Relationships are work, and you should treat yours with the same level of seriousness as you would your job. Consistently check in with your partner to see where they're at emotionally, as that gives you both an opportunity to raise issues before they become problematic.
Institute these check-ins early on, and your relationship will be poised for success. "Carving out space for a transactional dialogue can help alleviate worry or wonder," Rice says.
7. Let your partner know you respect them.
"It's important to openly express your admiration for one another," Panganiban says. "When we feel loved and admired, it's easier to be vulnerable and intimate in a relationship."
Whether or not your love language is words of affirmation, it's nice to know you're appreciated, particularly by your partner.

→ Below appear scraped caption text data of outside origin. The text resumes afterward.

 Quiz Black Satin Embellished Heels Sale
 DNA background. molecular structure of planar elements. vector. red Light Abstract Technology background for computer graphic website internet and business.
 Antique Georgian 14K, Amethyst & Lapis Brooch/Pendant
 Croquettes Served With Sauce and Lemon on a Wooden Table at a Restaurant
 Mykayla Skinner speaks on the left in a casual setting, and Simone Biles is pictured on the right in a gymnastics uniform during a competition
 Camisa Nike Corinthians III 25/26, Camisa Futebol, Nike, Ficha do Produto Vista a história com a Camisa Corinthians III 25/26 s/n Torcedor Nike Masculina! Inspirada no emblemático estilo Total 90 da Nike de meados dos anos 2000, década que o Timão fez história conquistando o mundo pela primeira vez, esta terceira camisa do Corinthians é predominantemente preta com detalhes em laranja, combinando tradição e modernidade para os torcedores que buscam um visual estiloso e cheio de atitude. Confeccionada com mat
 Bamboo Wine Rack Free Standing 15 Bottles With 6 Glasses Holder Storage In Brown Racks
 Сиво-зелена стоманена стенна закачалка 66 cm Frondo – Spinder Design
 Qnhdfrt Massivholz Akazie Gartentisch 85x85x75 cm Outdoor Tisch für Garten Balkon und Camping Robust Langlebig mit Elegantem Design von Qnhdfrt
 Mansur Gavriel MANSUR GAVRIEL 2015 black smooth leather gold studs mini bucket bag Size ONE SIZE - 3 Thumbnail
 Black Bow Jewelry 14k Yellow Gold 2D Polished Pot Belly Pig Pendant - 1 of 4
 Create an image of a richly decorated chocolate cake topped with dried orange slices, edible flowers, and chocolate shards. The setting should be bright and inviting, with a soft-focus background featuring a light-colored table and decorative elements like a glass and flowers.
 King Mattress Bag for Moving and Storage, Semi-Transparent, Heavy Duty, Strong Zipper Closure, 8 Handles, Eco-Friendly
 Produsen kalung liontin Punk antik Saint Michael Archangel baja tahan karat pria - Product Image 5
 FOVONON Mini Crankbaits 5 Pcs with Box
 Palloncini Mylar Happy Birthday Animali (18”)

Start this habit early when all those crazy-in-love, gushy feelings are flowing.
8. Create daily rituals.
Panganiban recommends creating daily routines and rituals that give each day meaning. She says it's never too early to begin exploring these daily opportunities for connection with your significant other.
"It's important to have daily rituals of connection, such as sharing about your day, and weekly rituals of connection, such as date night," she says.
"Working together and being intentional about creating these rituals helps you stay connected, but also gives the relationship a sense of purpose and meaning. This purpose and meaning strengthens your bond and deepens your sense of commitment."
9. Create annual traditions, too.
"As the relationship progresses, continue building larger rituals such as how holidays and birthdays get celebrated," Panganiban says. "Rituals are unique and specific to each relationship, but make sure you have them and are continuing to build them in a way that feels meaningful for you."
This could mean creating new holiday traditions with each other or even instituting silly seasonal holidays meant just for the two of you.
10. Practice gratitude.
It may sound silly, but Rice says games (like having a competition of who can get the first text or compliment of the day) can be an easy way to build routine connection. "Once weekly, write your partner a handwritten note of gratitude," she says. "Slip it into their lunch box or a rearview mirror. Lipstick on the bathroom mirror is fabulous, too."
11. Don't neglect your time apart.
The best partnerships are created by two individuals who have a strong sense of self and come together to create an even stronger bond. So don't lose yourself in the relationship. "It's essential to prioritize dedicated individual time—workouts, friend time or time for an individual hobby," Rice says. "It fills us back up so we can continue to invest in our relationship."
New Relationship Energy Stressing You Out?
Of course, for all the first date excitement, giddy new love feels, and days spent hanging out with your new perfect person, anxiety can sometimes creep in. You wonder how your new partner feels and whether they also think this has the potential to be a lasting relationship.
"As we're getting to know someone and putting our best self forward, we may feel anxiety about whether this person likes us and where the relationship is headed," Panganiban says. "During this time, it can be helpful to implement self-care strategies to ensure we stay confident and secure."
If you feel yourself heading toward a negative spiral, Panganiban recommends mindfulness and positive self-talk. "If you find yourself in a loop of negative self-talk, identify that it's happening... and shift into positive thinking—for example, 'There is nothing to indicate this relationship will fail and, even if it does, I will be OK,'" she says.
Your new relationship will flourish when you give it time and space to grow, rather than coming at it from an anxious place. When you need validation (and we all do on occasion), try to avoid unleashing these feelings on your new partner, and instead look to those who know and love you. "If you find yourself feeling insecure and struggling to get out of it, it can be helpful to seek support from a friend or loved one who can remind you that you are loved and that no matter what happens with the relationship, you are worthy and enough," Panganiban says.